September 18, 2004

Why is it they hate HTTP?

PixelCort has to say this Why I hate HTTP:
Even if a million people check using all of these bandwidth savers, that’s still a million TCP connections being opened and closed. That’s just not going to scale well as we get larger and larger audiences.

This sounds like a simple interview question at Amazon - "so, how would you make it work anyway?". Okay folks, let's break some assumptions: Not every client has to connect to the One True Server. There is this concept of an 'intermediary'. You can use this to place a thousand caching servers that retrieve the data, then clients retrieve from those servers instead. One level of indirection gives you n*2 more scalability. Two levels give you how much? Anyone? Anyone?

And this:
HTTP servers can only speak when spoken to. They can’t just connect to the client, the client has to initiate the connection. Even with keep-alive, they still have to wait until an HTTP method is incurred. By not being able to have that two-way communication, how can we truly maintain HTTP as our protocol of choice?

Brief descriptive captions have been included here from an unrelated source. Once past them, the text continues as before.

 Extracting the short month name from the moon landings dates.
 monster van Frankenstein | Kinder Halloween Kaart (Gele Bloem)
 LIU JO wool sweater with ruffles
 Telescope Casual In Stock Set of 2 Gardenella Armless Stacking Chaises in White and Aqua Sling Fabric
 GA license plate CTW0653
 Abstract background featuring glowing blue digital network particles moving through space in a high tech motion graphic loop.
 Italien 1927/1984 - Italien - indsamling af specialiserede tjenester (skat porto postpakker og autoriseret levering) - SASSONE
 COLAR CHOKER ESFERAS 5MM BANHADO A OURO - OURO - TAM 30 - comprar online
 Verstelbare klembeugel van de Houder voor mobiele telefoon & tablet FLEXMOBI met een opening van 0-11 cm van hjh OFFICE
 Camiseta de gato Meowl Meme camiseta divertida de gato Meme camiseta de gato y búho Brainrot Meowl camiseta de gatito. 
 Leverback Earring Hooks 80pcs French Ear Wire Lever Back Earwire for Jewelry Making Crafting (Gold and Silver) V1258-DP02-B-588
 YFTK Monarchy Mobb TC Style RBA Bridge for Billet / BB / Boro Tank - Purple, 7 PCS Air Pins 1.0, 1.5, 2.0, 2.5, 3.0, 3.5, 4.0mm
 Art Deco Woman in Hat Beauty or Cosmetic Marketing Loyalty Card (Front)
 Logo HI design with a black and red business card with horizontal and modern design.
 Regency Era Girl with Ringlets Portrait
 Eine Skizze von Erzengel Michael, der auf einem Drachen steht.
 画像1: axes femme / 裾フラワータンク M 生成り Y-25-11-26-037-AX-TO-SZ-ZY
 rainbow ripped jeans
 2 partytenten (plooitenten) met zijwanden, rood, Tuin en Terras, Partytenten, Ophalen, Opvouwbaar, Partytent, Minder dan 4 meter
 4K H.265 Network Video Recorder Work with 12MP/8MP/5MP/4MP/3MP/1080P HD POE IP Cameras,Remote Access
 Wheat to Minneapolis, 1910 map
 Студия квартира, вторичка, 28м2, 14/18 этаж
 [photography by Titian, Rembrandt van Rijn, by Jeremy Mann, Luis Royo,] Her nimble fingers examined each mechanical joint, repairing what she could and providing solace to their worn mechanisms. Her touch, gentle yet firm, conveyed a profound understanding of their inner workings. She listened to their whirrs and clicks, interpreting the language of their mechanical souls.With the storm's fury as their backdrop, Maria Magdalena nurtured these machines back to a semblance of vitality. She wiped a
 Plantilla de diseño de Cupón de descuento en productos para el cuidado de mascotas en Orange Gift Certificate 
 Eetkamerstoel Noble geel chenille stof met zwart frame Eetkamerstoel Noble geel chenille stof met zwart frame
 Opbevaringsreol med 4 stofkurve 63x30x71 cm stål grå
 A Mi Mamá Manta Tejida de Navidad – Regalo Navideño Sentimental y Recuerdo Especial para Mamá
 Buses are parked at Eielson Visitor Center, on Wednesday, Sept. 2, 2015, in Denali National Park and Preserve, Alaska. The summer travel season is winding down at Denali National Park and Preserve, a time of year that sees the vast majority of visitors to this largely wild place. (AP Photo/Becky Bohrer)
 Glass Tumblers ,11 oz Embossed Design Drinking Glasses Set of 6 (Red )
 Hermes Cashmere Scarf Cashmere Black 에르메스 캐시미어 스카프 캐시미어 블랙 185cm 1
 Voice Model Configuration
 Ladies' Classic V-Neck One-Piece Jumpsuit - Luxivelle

Well, duh. Of course. And this is a unique problem because... what? The solution is simple and applies to any protocol - put a server on the desktop & send it a message. And for your next complaint in this sequence, here's a question for you - how is your pet protocol going to post messages to a desktop without the client opening a socket (like an http server) or initiating a connection (like an http client) of some kind?

See http://www.mod-pubsub.org/ for an example of a client that initiates a connection and then consumes a stream of event notifications on that connection. There are clients in multiple languages (Java, Perl, Python, C++) and even two servers (Perl, Python). The neat thing is, it's just HTTP, so all the documents & design has been done. You just have to follow in someone else's footsteps.